Knowing the learning dynamics of policy is significant to unveiling the mysteries of Reinforcement Learning (RL). It is especially crucial yet challenging to Deep RL, from which the remedies to notorious issues like sample inefficiency and learning instability could be obtained. In this paper, we study how the policy networks of typical DRL agents evolve during the learning process by empirically investigating several kinds of temporal change for each policy parameter. On typical MuJoCo and DeepMind Control Suite (DMC) benchmarks, we find common phenomena for TD3 and RAD agents: 1) the activity of policy network parameters is highly asymmetric and policy networks advance monotonically along very few major parameter directions; 2) severe detours occur in parameter update and harmonic-like changes are observed for all minor parameter directions. By performing a novel temporal SVD along policy learning path, the major and minor parameter directions are identified as the columns of right unitary matrix associated with dominant and insignificant singular values respectively. Driven by the discoveries above, we propose a simple and effective method, called Policy Path Trimming and Boosting (PPTB), as a general plug-in improvement to DRL algorithms. The key idea of PPTB is to periodically trim the policy learning path by canceling the policy updates in minor parameter directions, while boost the learning path by encouraging the advance in major directions. In experiments, we demonstrate the general and significant performance improvements brought by PPTB, when combined with TD3 and RAD in MuJoCo and DMC environments respectively.
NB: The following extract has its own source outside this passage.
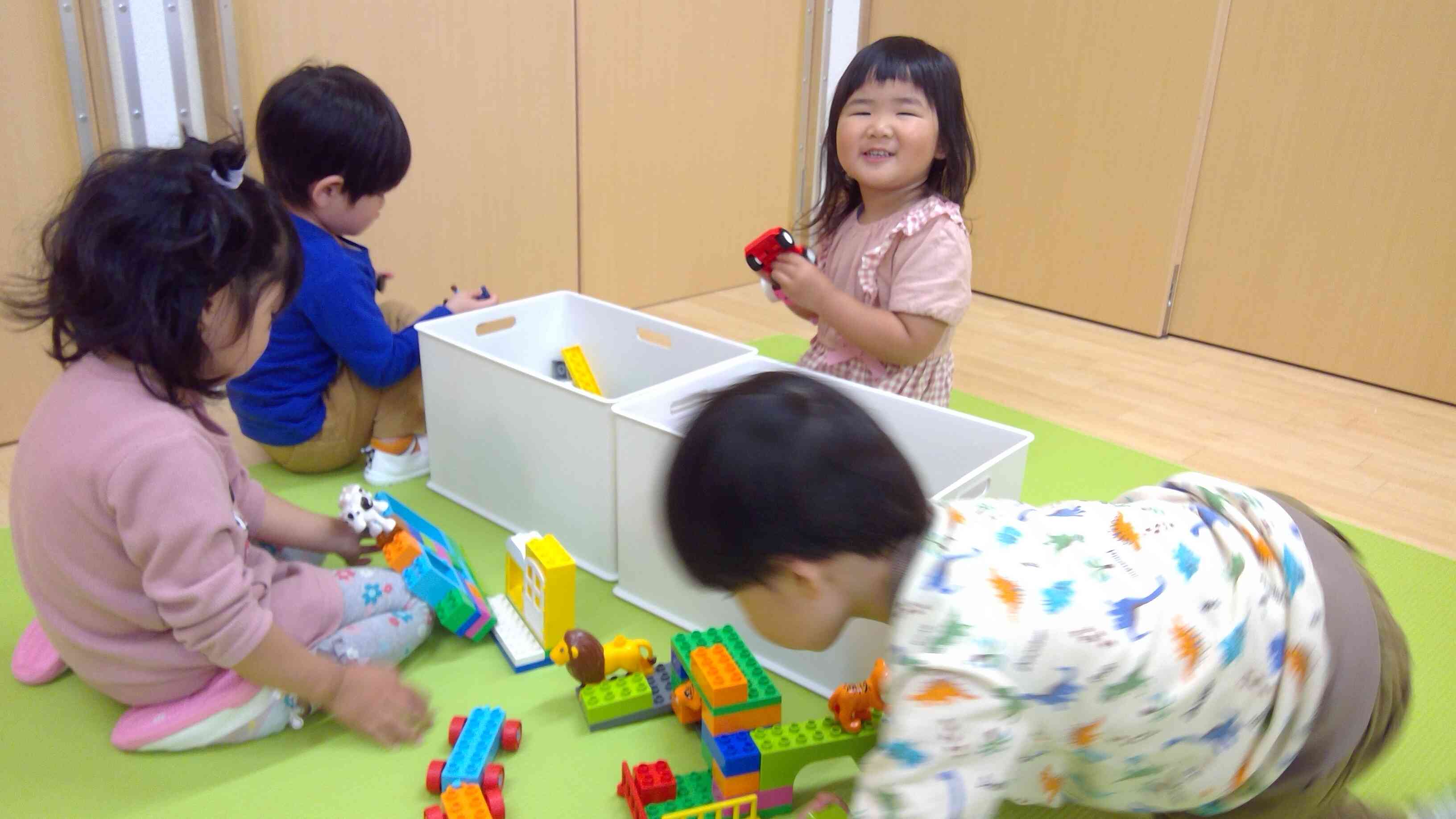 電車を作ったり、街を作ったりしながら、お友達と一緒に遊びながらやり取りを楽しんでいます。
翻译：理解策略的学习动态对于揭示强化学习（RL）的奥秘至关重要，尤其在深度强化学习（DRL）中，这为应对样本效率低下与学习不稳定等顽疾提供了可能的解决方案。本文通过实证研究每个策略参数在多种时间尺度上的变化，探讨典型DRL智能体的策略网络在学习过程中的演化规律。基于MuJoCo与DeepMind Control Suite（DMC）基准测试，我们发现TD3和RAD智能体存在两种共性现象：1）策略网络参数的活动具有高度非对称性，且网络沿极少数主要参数方向单调推进；2）参数更新中出现严重的迂回路径，所有次要参数方向均显现类谐波变化模式。通过对策略学习路径实施新型时间序列奇异值分解（SVD），我们将主要与次要参数方向分别定义为与主导奇异值和次要奇异值关联的右酉矩阵列向量。基于上述发现，本文提出一种名为策略路径修剪与增强（PPTB）的简单有效方法，可作为DRL算法的通用插件式改进。PPTB的核心思想是：通过取消次要参数方向上的策略更新来周期性修剪策略学习路径，同时通过促进主要方向的前进来增强学习路径。实验表明，当PPTB分别与TD3和RAD算法结合应用于MuJoCo与DMC环境时，能够带来普遍且显著的性能提升。